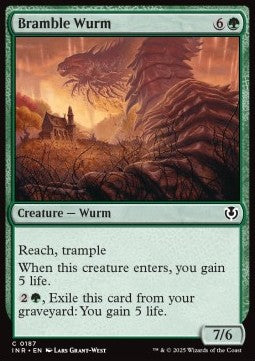 Bramble Wurm - Innistrad Remastered (Common) [INR-187]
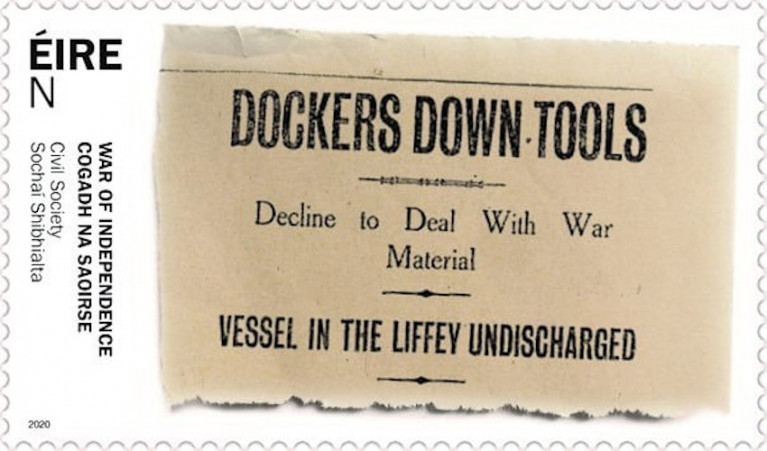 Dublin Port Highlights Stamp Commemorating 1920 Dublin Dockers’ Munitions Strike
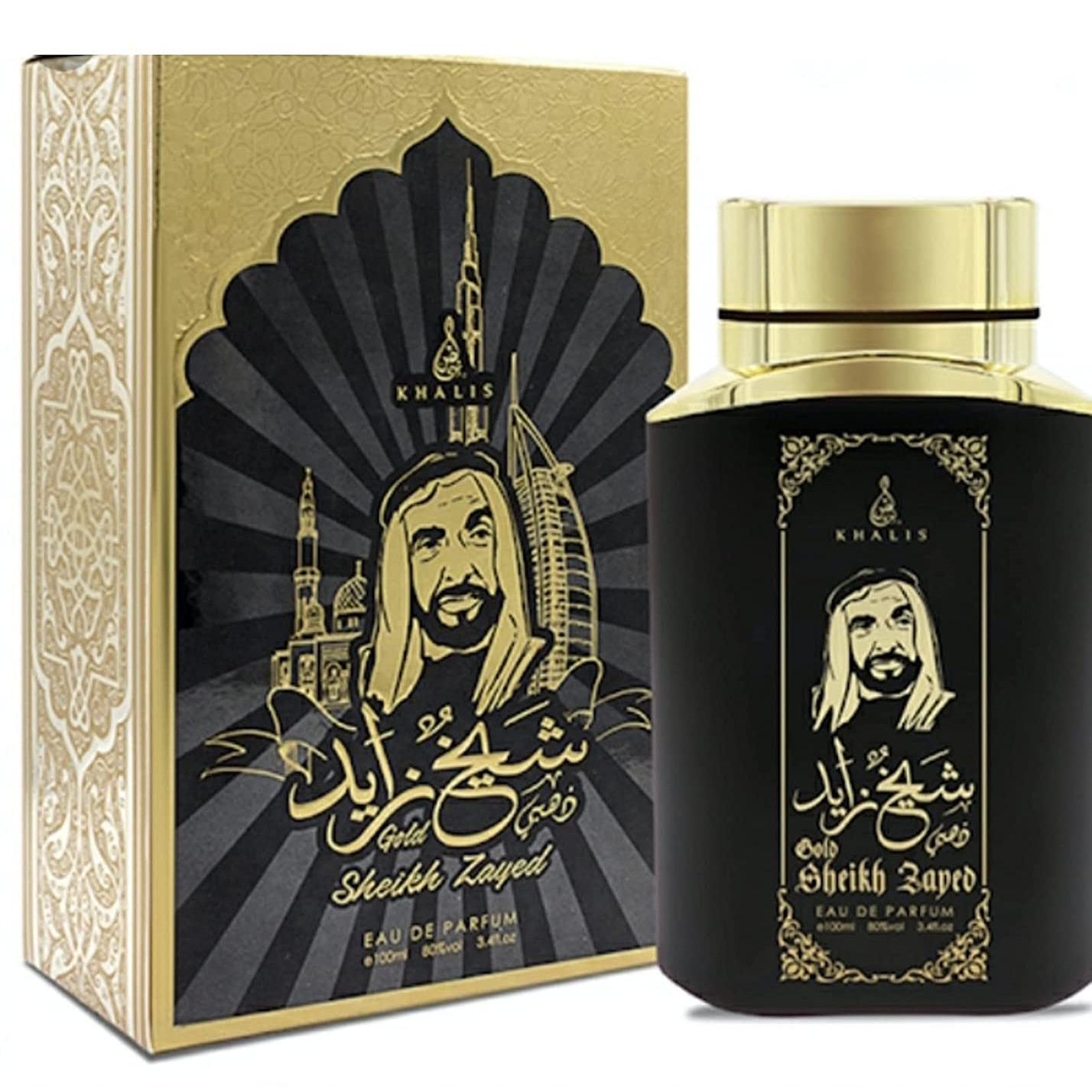 100 ml Eau de Perfume SHEIKH ZAYED GOLD Korenistá Drevitá Vôňa pre Mužov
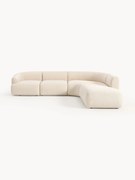 Narożna sofa modułowa Bouclé Sofia (4-osobowa)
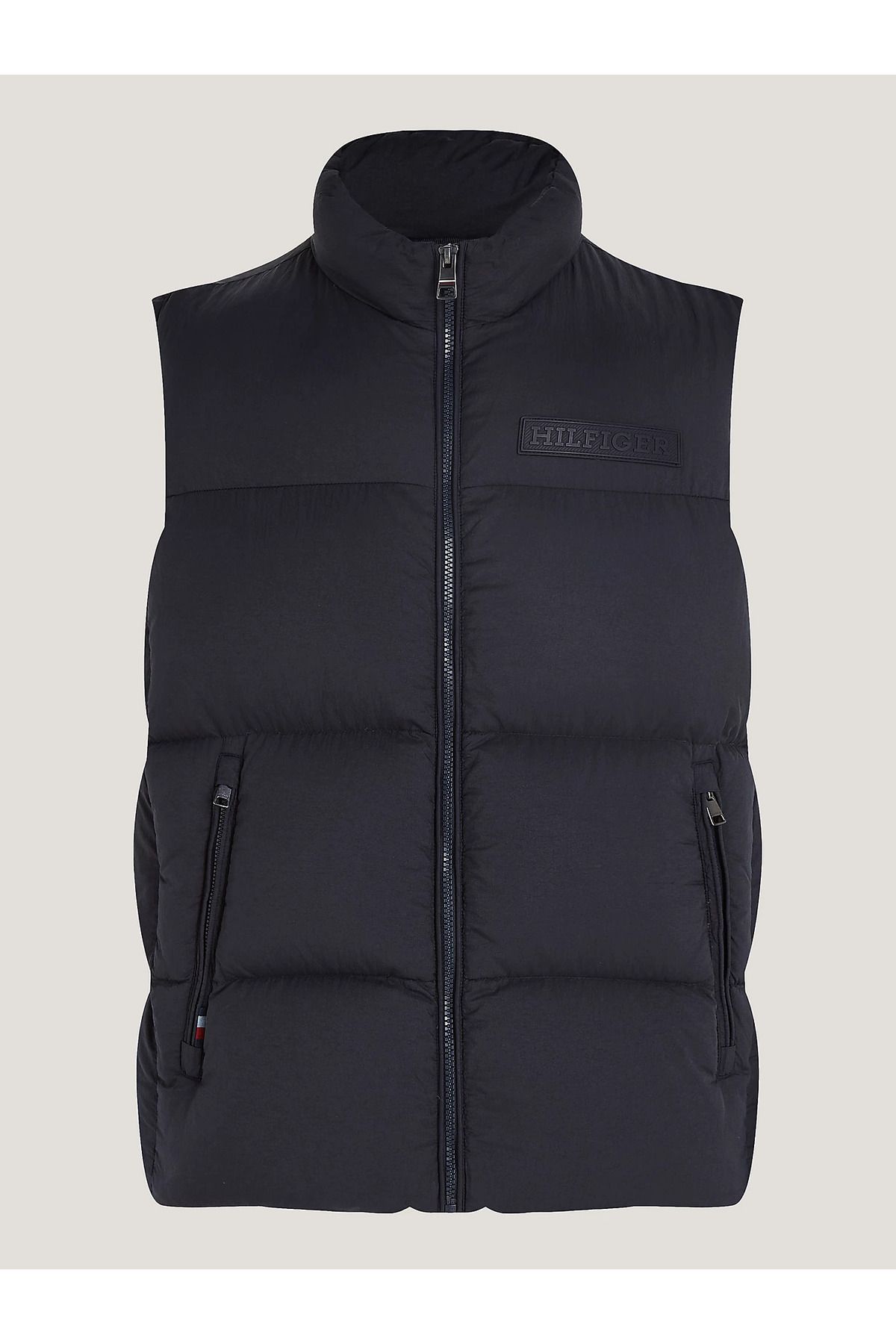 Tommy hilfiger black vest on sale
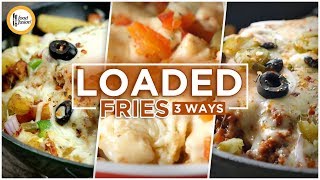 Loaded Fries 3 ways Recipe By Food Fusion Ramzan Special [upl. by Tnias971]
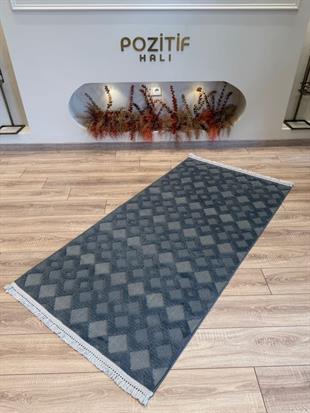 Polo Serisi Örgü İplikli Bohem Desenli Makine Halısı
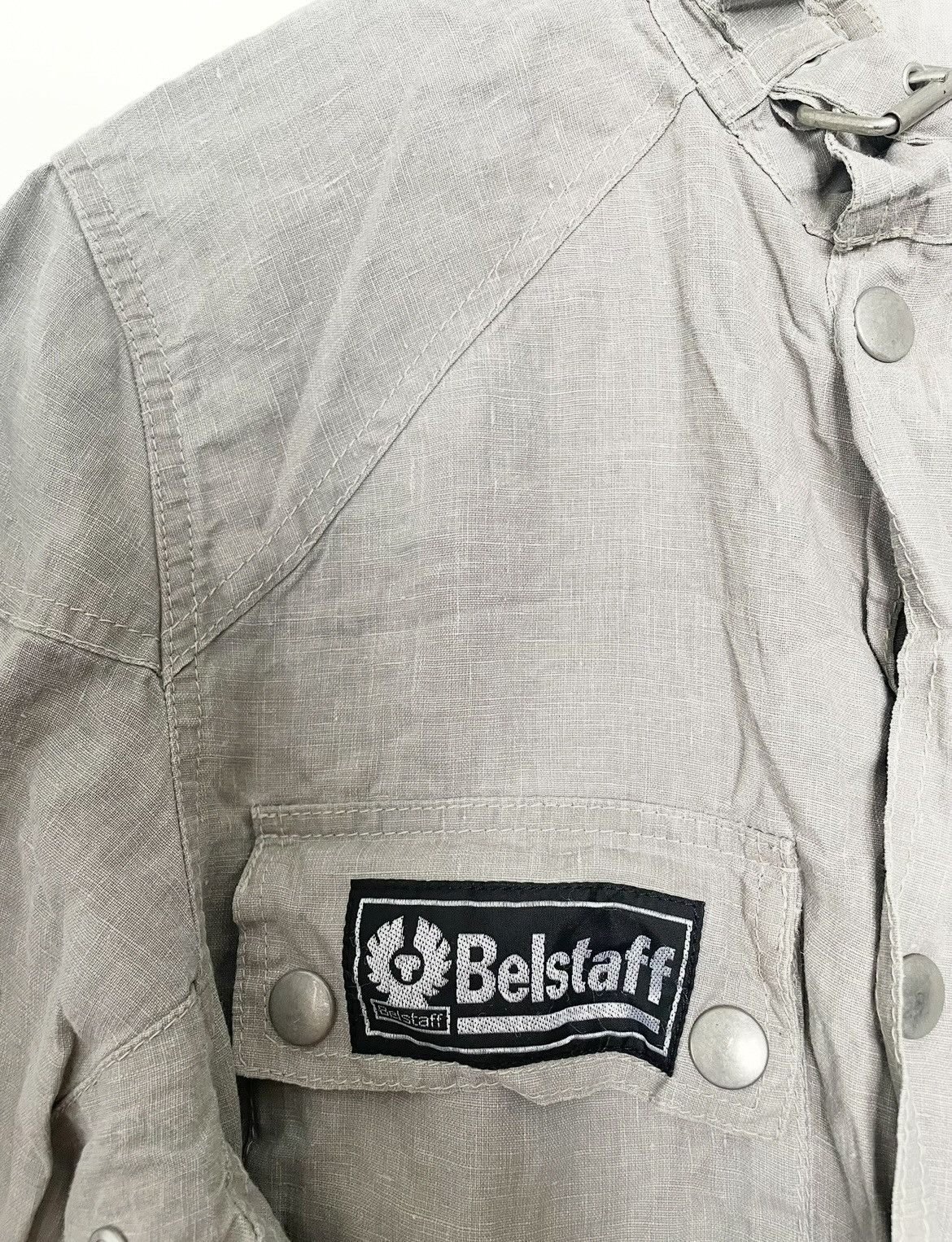 Belstaff × Vintage Belstaff grey linen jacket Size US M / EU 48-50 / 2 - 7 Thumbnail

──────────

| REQUIREMENT |
Give back each entry verbatim but drop its pictures.

| ANSWER TO THE EXERCISE |
 Bramble Wurm - Innistrad Remastered (Common) [INR-187]
 Dublin Port Highlights Stamp Commemorating 1920 Dublin Dockers’ Munitions Strike
 100 ml Eau de Perfume SHEIKH ZAYED GOLD Korenistá Drevitá Vôňa pre Mužov
 Narożna sofa modułowa Bouclé Sofia (4-osobowa)
 Tommy hilfiger black vest on sale
 Loaded Fries 3 ways Recipe By Food Fusion Ramzan Special [upl. by Tnias971]
 Polo Serisi Örgü İplikli Bohem Desenli Makine Halısı
 Belstaff × Vintage Belstaff grey linen jacket Size US M / EU 48-50 / 2 - 7 Thumbnail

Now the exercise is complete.